Published by:

| Order | Table of Contents | What's on the CD |

One of the things that all jazz musicians do sooner or later is think about putting their thoughts down in a book. A musician spends countless hours learning to play jazz on, say, the bagpipe and (s)he naturally assumes that the body of pedagogical information thus acquired should be written up and put at the disposal of other aspiring jazz bagpipers (bagpipists?). Relatively few have the chutzpah to go all the way and actually publish their musings, but enough have done so that it is now possible to construct a two-lane highway from New York to Toronto and pave it completely with jazz textbooks.

So why another? Why, indeed.

My goals are mostly altruistic in that I remember how abysmally long it took me to learn to play jazz on the trumpet, and I would hate to see anybody else have to spend the same amount of time. Writing down a few helpful hints and exercises might actually save the reader some time in his/her development. We're living in the age of trumpet mastery, don't forget. It you want to be taken seriously as an artist these days, you had better exhibit extreme virtuosity of tongue and fingers. And don't forget range; range is a must.

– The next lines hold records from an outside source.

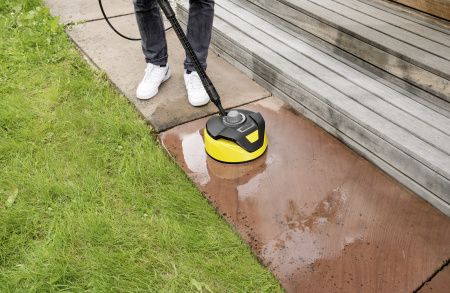 Минимойка высокого давления Karcher K5 WCM Premium Home 1.324-462.0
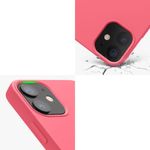 Husa pentru Apple iPhone 12 Mini, Silicon, Roz, 52640.103 fotografia produsului View 9 S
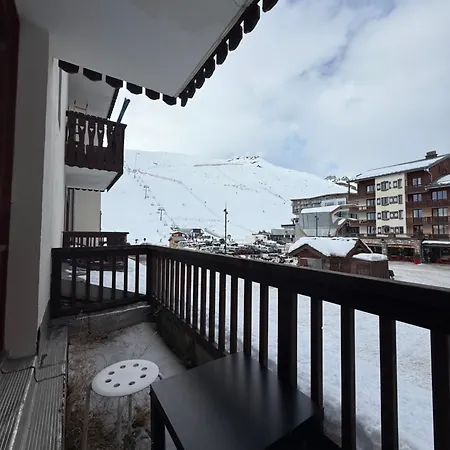 Inout -tignes Val Claret -2 Beds Flat C168 *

High notes, spine-tinglingly exciting on any instrument, are especially so when played on the trumpet. Audiences expect them, and as the pressure has grown to comply with the demands of an ever higher, faster, louder music, so has psychological trauma spread among trumpet players everywhere. Actually, I'm overstating the situation; it's not as bad as all that. But my personal difficulties in acquiring range, endurance, and consistency have bought several BMW's for my analyst and have led to my somewhat jaundiced view of the situation.

The fact remains, however, that trumpet players are often judged by the extent of their range. You rarely hear people who have attended a concert by a tenor saxophonist remarking how high the soloist played. When discussing a trumpet performance, however, people tend to say things like, "Man, that [insert name] really has some chops!" A notable exception, of course, was the late Chet Baker, who never had much range or power to begin with and had even less after losing some front teeth to an uncaring fist. Chet got by on musicality alone, hugged the mike, and sang whenever his chops gave out. No one seemed to mind. Chet, however, was decidedly the exception. I've always felt that trumpet playing, especially jazz trumpet playing, should not be perceived as an athletic event. Alas, it has often been so and will, I fear, so remain.

But so what? I say, if trumpet gymnastics is what is called for, let's hit the practice room. Sooner or later, if one is a serious artist, the idea will arise that perhaps self-expression -- not skill alone should be the real aim of a jazz musician. The possibility of expressing pain, frustration, and general angst through the jazz medium will eventually attract anyone who seeks his/her own voice.

Mind you, I'm all for clean technique. The better your craft, the more completely you can express yourself. Jazz is, however an expression of life, and life can be untidy. If a player is operating at the far frontiers of his or her ability, pushing the envelope so to speak, it seems to me that a certain amount of failure is inevitable. Maybe even desirable. A performance that is too clean and immaculate of execution doesn't necessarily speak to me on a human level. But maybe that's just me.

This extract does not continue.